Copper: today or never

These are boom times for copper and Las Bambas, which will start paying IR from 2022, you know. There is no room for further delays or lockdowns in what represents MMG’s largest investment in the world. For Jorge Manco, UNMSM researcher, his announcement to paralyze operations does not contain substance, since the deposit will invoice, with all its problems, “more than 3,500 million dollars at the end of 2021.” But they all echo him.

Along these lines, Manco assures that the main responsible has been the State, for allowing facilities that should never have occurred, such as not reporting the cessation of the mining pipeline.
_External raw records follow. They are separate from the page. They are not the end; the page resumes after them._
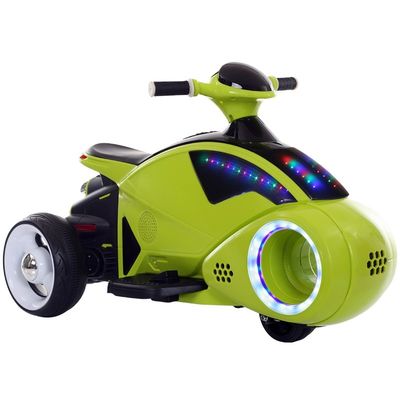 3 ruote di guida elettrica in auto con educazione precoce Un clic per avviare la batteria della terza ruota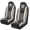 1-Paw Print, variant on Jeiento Watercolor Sea Turtle Car Seat Covers Car Front Seat Cushion 2 Pack Auto Seat Cover Automotive Interior Protection Fit for Most Cars Sedan Truck SUV Van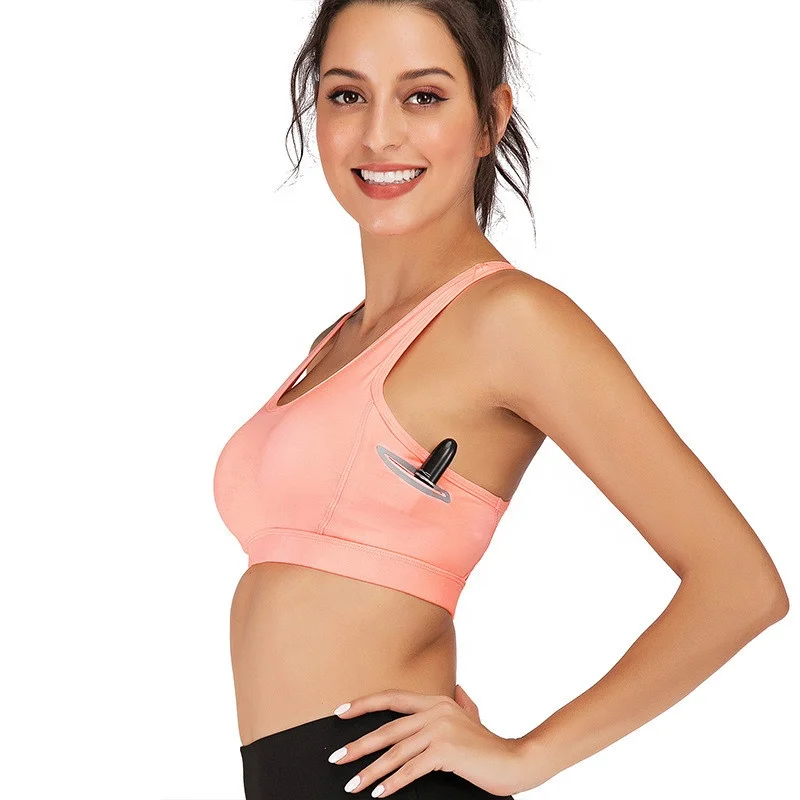 

wholesale plus size yoga cotton design your own sports bra, Customized colors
“There is a hard core with an anti-mining discourse, but they are in the minority. Most communities ask the company for what the Republican State has not given them in 200 years: citizenship, education, health, infrastructure and respect ”, he affirms.

Four presidents without solving the Las Bambas case

Four presidents have passed without resolving Las Bambas: Humala, PPK, Vizcarra and Sagasti. Castillo could be the fifth.

The change to the national route was made through a technical support report (ITS), created by the State, according to the communities, to benefit the mining company.

The request to use the road as a mining corridor was presented at the end of the evaluation of the EIA modification, when the stage of technical evaluations had concluded, he warns CooperAction.

The communities claim the right to pay a mining easement, in addition to compensation for environmental damage.

Las Bambas produces about 400,000 tons of copper per year, about 2% of world copper.